**DATA IN THIS EXERCISE:**
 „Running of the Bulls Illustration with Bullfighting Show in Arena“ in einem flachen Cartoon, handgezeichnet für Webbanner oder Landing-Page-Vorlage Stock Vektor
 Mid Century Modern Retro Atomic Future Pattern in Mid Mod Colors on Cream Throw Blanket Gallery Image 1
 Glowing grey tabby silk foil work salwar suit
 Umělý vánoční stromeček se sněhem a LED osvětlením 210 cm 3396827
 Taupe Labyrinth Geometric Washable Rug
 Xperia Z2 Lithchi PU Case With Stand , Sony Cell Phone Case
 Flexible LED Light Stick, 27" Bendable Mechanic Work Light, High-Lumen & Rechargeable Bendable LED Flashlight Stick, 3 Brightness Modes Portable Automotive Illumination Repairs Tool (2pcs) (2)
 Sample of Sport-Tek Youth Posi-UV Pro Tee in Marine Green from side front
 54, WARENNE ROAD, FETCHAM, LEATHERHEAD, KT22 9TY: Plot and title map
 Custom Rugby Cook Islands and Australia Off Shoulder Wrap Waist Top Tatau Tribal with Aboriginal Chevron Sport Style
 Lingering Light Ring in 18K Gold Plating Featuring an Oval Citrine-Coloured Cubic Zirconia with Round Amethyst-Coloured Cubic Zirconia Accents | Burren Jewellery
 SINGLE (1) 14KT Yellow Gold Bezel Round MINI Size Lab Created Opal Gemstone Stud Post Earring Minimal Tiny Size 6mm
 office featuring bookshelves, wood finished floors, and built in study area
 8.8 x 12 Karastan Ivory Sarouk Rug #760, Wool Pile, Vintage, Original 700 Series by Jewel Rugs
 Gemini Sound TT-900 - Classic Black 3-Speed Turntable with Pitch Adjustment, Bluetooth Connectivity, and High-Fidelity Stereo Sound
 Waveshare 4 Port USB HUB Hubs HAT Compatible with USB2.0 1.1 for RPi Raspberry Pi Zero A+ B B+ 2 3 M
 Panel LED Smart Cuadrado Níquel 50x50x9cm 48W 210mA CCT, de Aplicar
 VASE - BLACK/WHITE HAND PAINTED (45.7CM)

**EXERCISE INSTRUCTIONS:**
Only output the lines from the one with "Flexible LED Light" through the end of the entries above, exactly as they are.

**RESPONSE BELOW:**
 Flexible LED Light Stick, 27" Bendable Mechanic Work Light, High-Lumen & Rechargeable Bendable LED Flashlight Stick, 3 Brightness Modes Portable Automotive Illumination Repairs Tool (2pcs) (2)
 Sample of Sport-Tek Youth Posi-UV Pro Tee in Marine Green from side front
 54, WARENNE ROAD, FETCHAM, LEATHERHEAD, KT22 9TY: Plot and title map
 Custom Rugby Cook Islands and Australia Off Shoulder Wrap Waist Top Tatau Tribal with Aboriginal Chevron Sport Style
 Lingering Light Ring in 18K Gold Plating Featuring an Oval Citrine-Coloured Cubic Zirconia with Round Amethyst-Coloured Cubic Zirconia Accents | Burren Jewellery
 SINGLE (1) 14KT Yellow Gold Bezel Round MINI Size Lab Created Opal Gemstone Stud Post Earring Minimal Tiny Size 6mm
 office featuring bookshelves, wood finished floors, and built in study area
 8.8 x 12 Karastan Ivory Sarouk Rug #760, Wool Pile, Vintage, Original 700 Series by Jewel Rugs
 Gemini Sound TT-900 - Classic Black 3-Speed Turntable with Pitch Adjustment, Bluetooth Connectivity, and High-Fidelity Stereo Sound
 Waveshare 4 Port USB HUB Hubs HAT Compatible with USB2.0 1.1 for RPi Raspberry Pi Zero A+ B B+ 2 3 M
 Panel LED Smart Cuadrado Níquel 50x50x9cm 48W 210mA CCT, de Aplicar
 VASE - BLACK/WHITE HAND PAINTED (45.7CM)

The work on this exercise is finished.